You can navigate the phone with Android’s swipe gestures, but I was inclined to revert in the settings to the traditional, old three-button navigation because the swipes are hard to register when the phone can’t keep up.

I was also faced with an alarming amount of bloatware, the term used to describe the apps phone manufacturers pre-load onto new phones without your asking.

A woman holding a G06 next to a man.

She’s happy with this phone, but you might not be. (Image: Motorola)

Just to emphasise how much rubbish is loaded onto this phone on set up, it has: TikTok, Perplexity, Microsoft Copilot, LinkedIn, Amazon Music, Temu, Facebook, Pinterest, Solitaire, Block Blast, Vita Majong, Toon Blast, Candy Crush Saga, Booking.com and Monopoly Go. 15 unwanted apps! I guess this is what you get for paying naff all for a smartphone.

Thankfully, you can uninstall any app you don’t want, but it’s not a great first impression.

Motorola’s Android skin is very plain, in a good way. The decision to rely on Google Photos, Calendar and other apps instead of also including duplicate Motorola versions is sensible too. I put my SIM card in the phone, pleased to see the tray has room for two SIM cards and a microSD card to expand the stingy 64GB storage.

It’s rare to see this on phones that cost a thousand pounds these days, and along with the headphone jack means you can have quite a versatile setup. There’s even a silicone case in the box.

I was also faced with an alarming amount of bloatware, the term used to describe the apps phone manufacturers pre-load onto new phones without your asking.

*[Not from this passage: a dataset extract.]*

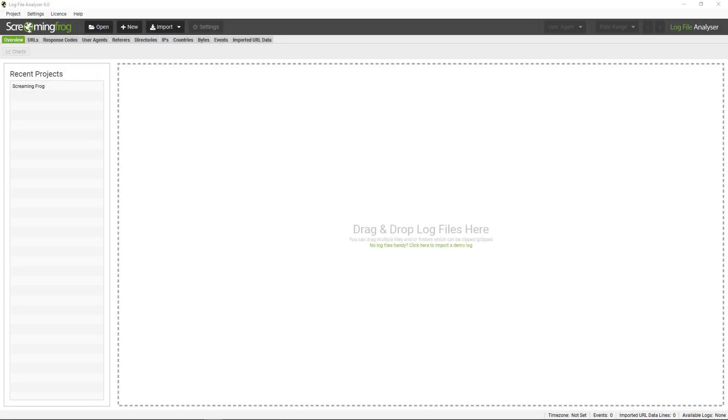Hi everyone, this is Dan from Screaming Frog and this is the Log File Analyzer. It's a desktop app developed to help SEOs analyze log files for Windows, Mac, or Linux machines. It's free for the first 1,000 log events, but if you'd like to analyze more, it's just £99 a year for a license.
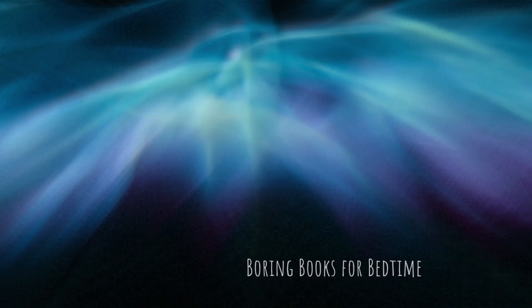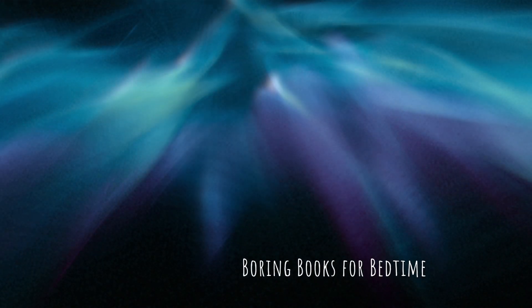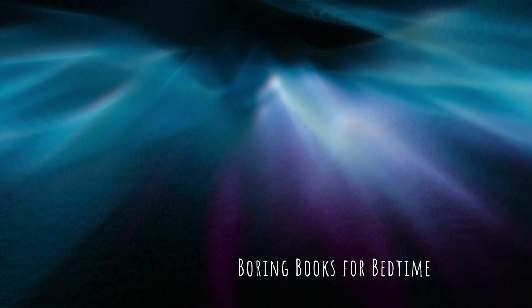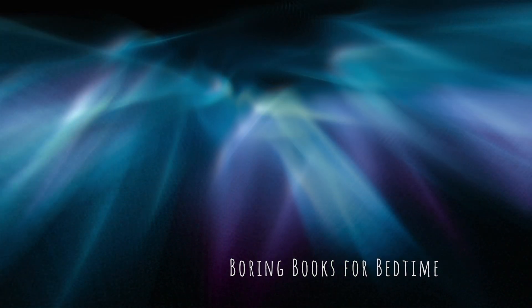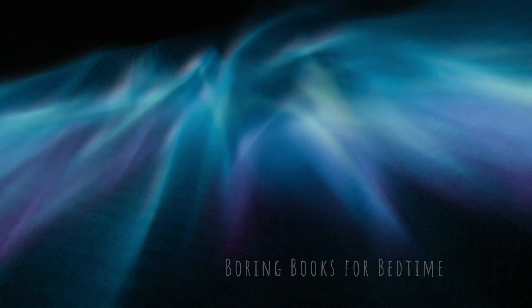Good evening, and thank you for joining me for another Boring Books for Bedtime. I hope tonight's selection provides all the boredom your busy brain needs to quiet down and let you get some sleep.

This is only a 4G phone though, so you can’t connect to 5G networks. That didn’t bother me too much. This is a slow phone, so you can’t play online games with intense 3D graphics. YouTube videos loaded fine, and you can make video calls with the 8MP selfie camera, but photos are poor all round, including on the single 50MP sensor on the back.

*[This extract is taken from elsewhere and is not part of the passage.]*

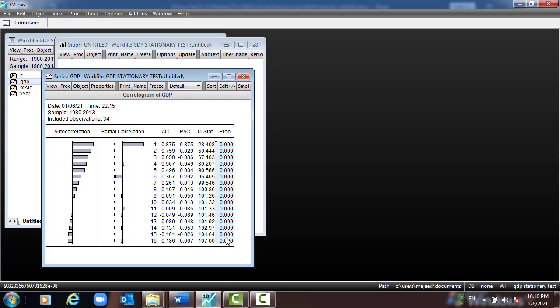Our null hypothesis is that the variable is stationary; the alternative is not stationary. Our task is to make the GDP variable stationary. We need to convert all the data in GDP into first difference — and GDP should then become stationary. After converting, we go to Quick, then Series Statistics, Correlogram.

That’s a high megapixel count, but the sensor is not of very good quality. Shots in the daytime are acceptable, but in any kind of low light they are noisy. It’s also difficult to focus images even when tapping to focus, and the edges of all photos are blurry. Without the optical image stabilisation (OIS) found on most phones, the G06 is not a great camera.

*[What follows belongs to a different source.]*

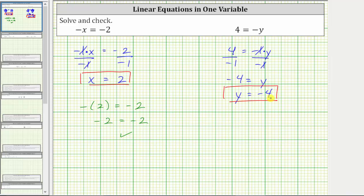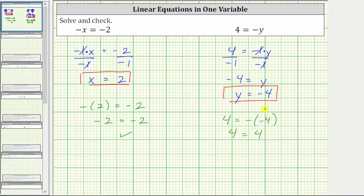Let's check the solution by substituting negative four for y back into the original equation. Performing the substitution, we have four equals the opposite of y, and y is negative four. Simplifying on the right side, we have negative negative four, or the opposite of negative four, which is positive four. Positive four equals positive four is true, verifying the solution is correct.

But surely anyone buying a phone this cheap really only needs it for simple tasks. Calls sounded clear and loud enough, and apps such as Gmail, WhatsApp and Google Maps all worked perfectly well, even if the phone does take about two seconds or so to load them when you tap on the app icon. This isn’t the end of the world, but your current phone is probably a lot faster.

The top of a phone with a headphone jack.

The G06 has a lesser-spotted headphone jack. (Image: Motorola)

With not a lot of power under the hood, battery life was great. This phone easily lasted me two days of use with its large 5,200mAh battery, but then again I found it so frustrating to use in its sluggishness that I didn’t do too much to wear the battery down. I listened to Spotify through Bluetooth headphones, sent WhatsApp messages, checked my email and made some calls like I would any other day.

Perhaps this is a good phone to get if you are on your phone too much and want to use yours less. The bestselling iPhones and Samsung Galaxy devices, or indeed Motorola’s more expensive phones, are so performant that it’s easy to seamlessly beam hours of mindless social media scrolling into your face. The G06 splutters into life when you open Instagram but scrolling is janky, and the LCD display suffers from ghosting, where things appear blurry when scrolling, despite the 120Hz refresh rate.

It’s hard to bag on this phone because it costs £69. Yes, it’s annoying out of the box with all the bloatware, and apps are slow to load. Even for basic tasks I had to slow down my thumbs and tap icons or swipe slower because the poor thing couldn’t keep up.

But the reality is, this phone costs about £1,000 less than many of the other Android phones I’ve tested recently, and it can still run 90 percent of the apps I use regularly, even if at a snail’s pace. If you want a phone that works, albeit apprehensively, this is the least you can spend on one in 2025.

Just proceed with extreme caution, and don’t expect to do anything in a hurry. That might be enough for you. As a smartphone enthusiast, it’s far too little for me, though.